From there she caught the big food wave of the early aughts, driven by telegenic chefs like Emeril Lagasse, and decided to shift gears into the culinary arts. “What can I say? I have a long, long history and I’ve reinvented myself 1,000 times,” she said.
Her decision to switch careers into the food world proved to be her smartest move yet: Shortly after earning her stripes at spots like the restaurant at the Claremont Club and Spa, she received a call one day from author Alice Walker’s personal assistant.
“When her assistant rang me and told me who she was calling for, I didn’t believe it. I really didn’t believe it,” McGowan said. “While I knew she was a remarkable writer, after working with her for years, I had no idea how much she would’ve contributed to the way I now think about food.”
For Walker, as McGowan described it, the idea of having deeply flavorful organic food wasn’t the author’s fundamental concern. Instead she wanted to know the treatment of the workers who made and produced her food. Did the farms treat their workers fairly? Were they given humane hours wherein they could take proper breaks and time off? Are the female workers safe? Walker, a former Berkeley resident, is as well known for her civil rights activism as for her authorship of books like The Color Purple and The Temple of My Familiar. In recent years, she’s also been the source of significant controversy as her criticisms of Israel have verged into anti-Semitism, and she was recently disinvited from the Bay Area Book Festival for praising and defending a book written by a well known conspiracy theorist.
“Alice made a remarkable difference on how I shop,” McGowan says. “I use a lot of goods from local farmers, from produce to eggs and more. I want to know if animals and people are treated humanely, how people utilize their soil — this knowledge I learned was from working with her over the years.”
“She was an incredible teacher,” she adds.
Come early summer, the native New Yorker will bring her Caribbean-inspired fare to Emeryville’s Public Market. Among the highlights on Calypso Rose Kitchen’s inaugural menu include a black bean soup crowned with fried green plantains; butter-topped grilled spiced salmon; and crispy pineapple-garlic chicken wings.

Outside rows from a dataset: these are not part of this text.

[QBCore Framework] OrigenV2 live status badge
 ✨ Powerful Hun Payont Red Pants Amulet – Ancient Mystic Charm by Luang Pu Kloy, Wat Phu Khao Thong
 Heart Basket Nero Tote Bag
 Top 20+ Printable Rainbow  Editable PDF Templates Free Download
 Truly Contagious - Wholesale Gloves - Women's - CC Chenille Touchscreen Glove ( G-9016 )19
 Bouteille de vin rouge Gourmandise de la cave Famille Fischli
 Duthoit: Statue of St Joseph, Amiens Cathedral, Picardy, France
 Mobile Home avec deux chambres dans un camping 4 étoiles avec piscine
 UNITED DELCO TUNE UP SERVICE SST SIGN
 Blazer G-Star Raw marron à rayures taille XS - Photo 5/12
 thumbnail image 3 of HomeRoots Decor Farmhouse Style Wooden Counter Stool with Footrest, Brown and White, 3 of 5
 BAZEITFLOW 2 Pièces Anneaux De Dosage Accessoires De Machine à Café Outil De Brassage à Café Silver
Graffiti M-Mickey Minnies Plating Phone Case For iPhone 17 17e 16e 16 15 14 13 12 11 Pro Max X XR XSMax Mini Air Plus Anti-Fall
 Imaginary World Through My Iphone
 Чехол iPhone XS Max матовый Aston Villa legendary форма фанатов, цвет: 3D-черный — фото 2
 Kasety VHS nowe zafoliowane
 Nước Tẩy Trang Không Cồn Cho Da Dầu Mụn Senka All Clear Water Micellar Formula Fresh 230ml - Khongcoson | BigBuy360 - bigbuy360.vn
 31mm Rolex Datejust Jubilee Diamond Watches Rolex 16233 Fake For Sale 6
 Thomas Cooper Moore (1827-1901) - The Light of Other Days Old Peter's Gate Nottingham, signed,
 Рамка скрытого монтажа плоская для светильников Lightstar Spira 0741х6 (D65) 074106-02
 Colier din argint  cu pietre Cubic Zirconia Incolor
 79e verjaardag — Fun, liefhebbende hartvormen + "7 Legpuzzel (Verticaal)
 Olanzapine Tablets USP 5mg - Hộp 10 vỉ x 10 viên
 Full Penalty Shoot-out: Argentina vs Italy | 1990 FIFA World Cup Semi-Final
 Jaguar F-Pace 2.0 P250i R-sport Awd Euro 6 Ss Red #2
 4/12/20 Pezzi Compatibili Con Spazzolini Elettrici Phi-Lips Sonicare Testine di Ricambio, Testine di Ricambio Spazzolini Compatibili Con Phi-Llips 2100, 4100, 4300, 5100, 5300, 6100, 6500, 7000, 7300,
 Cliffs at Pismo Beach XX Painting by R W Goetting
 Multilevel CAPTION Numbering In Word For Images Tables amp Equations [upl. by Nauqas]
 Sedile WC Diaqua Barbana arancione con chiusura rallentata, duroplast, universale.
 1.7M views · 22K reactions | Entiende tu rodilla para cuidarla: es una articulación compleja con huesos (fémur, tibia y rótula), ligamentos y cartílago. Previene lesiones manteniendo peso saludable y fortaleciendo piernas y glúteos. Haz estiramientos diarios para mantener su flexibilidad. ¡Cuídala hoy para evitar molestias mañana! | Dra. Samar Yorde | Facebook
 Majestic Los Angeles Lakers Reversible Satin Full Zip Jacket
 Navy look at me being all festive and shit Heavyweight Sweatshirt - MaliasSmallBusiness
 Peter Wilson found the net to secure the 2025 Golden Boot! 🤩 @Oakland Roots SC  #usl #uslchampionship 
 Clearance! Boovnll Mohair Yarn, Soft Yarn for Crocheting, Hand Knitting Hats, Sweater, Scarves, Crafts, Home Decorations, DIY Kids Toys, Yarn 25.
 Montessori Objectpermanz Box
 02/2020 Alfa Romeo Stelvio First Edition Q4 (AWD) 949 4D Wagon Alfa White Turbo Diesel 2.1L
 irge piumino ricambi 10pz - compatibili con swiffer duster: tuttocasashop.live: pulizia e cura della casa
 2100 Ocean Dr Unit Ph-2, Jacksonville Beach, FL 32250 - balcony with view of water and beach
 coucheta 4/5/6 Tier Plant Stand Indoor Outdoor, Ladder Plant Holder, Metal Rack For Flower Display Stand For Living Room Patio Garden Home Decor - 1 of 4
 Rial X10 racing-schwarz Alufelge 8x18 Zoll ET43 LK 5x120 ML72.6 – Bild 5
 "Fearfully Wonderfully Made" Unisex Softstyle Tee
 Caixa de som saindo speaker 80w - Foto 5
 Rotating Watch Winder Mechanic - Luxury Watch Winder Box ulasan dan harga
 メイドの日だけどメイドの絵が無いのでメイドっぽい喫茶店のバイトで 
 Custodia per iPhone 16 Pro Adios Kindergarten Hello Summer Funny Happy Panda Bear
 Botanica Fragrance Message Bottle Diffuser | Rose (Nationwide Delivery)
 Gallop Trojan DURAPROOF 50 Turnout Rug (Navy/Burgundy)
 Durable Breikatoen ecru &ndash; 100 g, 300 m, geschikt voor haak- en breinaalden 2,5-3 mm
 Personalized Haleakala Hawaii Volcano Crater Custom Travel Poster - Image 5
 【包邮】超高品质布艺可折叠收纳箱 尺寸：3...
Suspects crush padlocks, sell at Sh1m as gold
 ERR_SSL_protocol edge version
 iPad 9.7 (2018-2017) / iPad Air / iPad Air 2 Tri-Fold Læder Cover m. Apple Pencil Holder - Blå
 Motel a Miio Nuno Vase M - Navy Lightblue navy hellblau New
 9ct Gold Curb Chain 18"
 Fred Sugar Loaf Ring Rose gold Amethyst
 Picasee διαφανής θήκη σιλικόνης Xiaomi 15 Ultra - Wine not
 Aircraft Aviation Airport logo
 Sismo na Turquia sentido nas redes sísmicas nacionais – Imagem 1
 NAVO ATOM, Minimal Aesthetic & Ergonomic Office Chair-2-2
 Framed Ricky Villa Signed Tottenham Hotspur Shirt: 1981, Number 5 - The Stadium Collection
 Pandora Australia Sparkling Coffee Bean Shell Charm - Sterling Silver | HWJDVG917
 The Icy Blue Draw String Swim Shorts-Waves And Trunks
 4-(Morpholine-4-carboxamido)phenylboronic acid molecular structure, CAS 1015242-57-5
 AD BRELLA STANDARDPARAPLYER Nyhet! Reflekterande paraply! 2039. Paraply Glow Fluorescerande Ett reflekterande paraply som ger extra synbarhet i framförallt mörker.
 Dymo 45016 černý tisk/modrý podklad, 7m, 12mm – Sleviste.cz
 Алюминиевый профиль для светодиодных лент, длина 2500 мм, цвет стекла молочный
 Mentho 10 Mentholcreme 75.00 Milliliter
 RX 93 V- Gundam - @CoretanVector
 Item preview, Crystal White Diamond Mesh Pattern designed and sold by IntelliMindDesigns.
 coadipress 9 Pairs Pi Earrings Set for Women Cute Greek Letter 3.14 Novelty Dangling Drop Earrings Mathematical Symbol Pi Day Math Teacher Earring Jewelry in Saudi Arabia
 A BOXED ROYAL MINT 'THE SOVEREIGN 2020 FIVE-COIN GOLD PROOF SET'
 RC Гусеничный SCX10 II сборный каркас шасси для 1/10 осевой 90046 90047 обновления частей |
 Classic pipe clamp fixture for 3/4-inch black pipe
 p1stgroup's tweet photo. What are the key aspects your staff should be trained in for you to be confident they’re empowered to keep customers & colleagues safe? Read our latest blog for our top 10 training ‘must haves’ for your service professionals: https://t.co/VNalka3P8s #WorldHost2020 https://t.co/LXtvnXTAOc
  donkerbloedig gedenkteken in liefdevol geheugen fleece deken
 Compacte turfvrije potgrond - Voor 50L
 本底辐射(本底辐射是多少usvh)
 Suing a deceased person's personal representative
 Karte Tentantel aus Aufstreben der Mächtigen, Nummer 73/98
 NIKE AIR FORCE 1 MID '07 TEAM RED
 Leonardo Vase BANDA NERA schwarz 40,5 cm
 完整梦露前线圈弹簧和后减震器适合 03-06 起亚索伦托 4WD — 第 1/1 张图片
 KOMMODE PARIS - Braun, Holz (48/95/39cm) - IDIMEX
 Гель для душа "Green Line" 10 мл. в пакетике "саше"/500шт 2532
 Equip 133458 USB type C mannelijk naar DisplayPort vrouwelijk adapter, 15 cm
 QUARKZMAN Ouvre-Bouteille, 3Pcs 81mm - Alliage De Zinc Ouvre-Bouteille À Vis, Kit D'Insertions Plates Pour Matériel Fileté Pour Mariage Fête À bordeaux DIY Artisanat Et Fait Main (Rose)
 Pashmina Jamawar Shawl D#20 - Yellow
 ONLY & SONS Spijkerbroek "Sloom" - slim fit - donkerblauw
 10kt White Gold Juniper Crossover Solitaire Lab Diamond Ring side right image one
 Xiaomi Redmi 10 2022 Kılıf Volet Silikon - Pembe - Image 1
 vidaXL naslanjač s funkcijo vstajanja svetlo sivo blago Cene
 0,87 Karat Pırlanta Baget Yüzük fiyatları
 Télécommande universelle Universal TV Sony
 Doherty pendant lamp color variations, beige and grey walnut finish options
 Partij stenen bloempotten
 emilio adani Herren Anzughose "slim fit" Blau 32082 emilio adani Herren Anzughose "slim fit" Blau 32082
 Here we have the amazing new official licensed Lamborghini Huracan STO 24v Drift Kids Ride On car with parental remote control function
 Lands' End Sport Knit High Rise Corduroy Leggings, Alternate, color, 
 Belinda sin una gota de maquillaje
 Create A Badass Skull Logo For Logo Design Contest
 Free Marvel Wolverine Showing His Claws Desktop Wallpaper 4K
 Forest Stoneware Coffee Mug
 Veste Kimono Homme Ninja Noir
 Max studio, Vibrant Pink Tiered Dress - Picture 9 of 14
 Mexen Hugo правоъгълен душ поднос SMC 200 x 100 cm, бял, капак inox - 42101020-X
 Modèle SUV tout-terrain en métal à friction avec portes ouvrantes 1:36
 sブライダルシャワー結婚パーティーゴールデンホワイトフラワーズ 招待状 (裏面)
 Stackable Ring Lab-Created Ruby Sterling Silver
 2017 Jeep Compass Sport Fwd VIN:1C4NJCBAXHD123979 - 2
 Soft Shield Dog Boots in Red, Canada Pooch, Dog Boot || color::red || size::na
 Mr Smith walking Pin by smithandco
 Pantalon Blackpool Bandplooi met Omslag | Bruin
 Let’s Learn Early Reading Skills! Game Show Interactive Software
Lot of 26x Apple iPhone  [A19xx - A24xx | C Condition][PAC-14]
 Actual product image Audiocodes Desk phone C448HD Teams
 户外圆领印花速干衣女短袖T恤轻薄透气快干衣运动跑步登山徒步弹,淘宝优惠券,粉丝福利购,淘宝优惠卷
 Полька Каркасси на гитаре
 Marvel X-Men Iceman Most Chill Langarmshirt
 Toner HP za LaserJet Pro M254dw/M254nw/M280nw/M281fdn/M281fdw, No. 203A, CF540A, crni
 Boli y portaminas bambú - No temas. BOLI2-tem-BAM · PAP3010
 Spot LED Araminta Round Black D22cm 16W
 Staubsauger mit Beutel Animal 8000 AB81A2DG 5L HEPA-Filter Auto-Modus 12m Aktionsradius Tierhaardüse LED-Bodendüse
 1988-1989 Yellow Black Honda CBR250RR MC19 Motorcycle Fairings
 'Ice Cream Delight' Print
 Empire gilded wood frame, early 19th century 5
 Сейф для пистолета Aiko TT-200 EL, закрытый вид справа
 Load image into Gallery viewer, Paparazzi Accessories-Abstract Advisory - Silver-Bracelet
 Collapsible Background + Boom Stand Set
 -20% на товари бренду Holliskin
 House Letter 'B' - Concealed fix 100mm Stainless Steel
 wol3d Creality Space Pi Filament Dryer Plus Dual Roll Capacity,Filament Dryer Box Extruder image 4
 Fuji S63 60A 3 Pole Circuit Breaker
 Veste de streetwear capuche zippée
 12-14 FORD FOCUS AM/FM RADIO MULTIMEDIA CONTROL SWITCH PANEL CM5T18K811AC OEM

McGowan also promises a Guyanese-inspired oxtail stew and a couple of curries. “There’s a big difference between Indian curries and Caribbean curries,” McGowan said. “The difference is there’s a lot more turmeric in Caribbean curries than your traditional Indian curry,” as well as coriander, allspice, garlic and healthy amounts of cayenne pepper.
While diners can enjoy Calypso Rose Kitchen while seated inside the food hall, the menu is also available to go.“It was particularly important for me to make these dishes where they could be picked up and delivered without taste or integrity being compromised,” McGowan said.
And then there’s the restaurant’s name. Christened after Trinidadian singer McCartha Monica Sandy-Lewis’ longstanding nickname, it reflects not only McGowan’s love of her groove but also honors the 81-year-old singer’s lyrics addressing racism and sexism.
“I’ve actually always been very fond of Calypso music,” McGowan said., “In addition to her music and beats, I love her politics and forward thinking that raises consciousness, which is also very important to me.”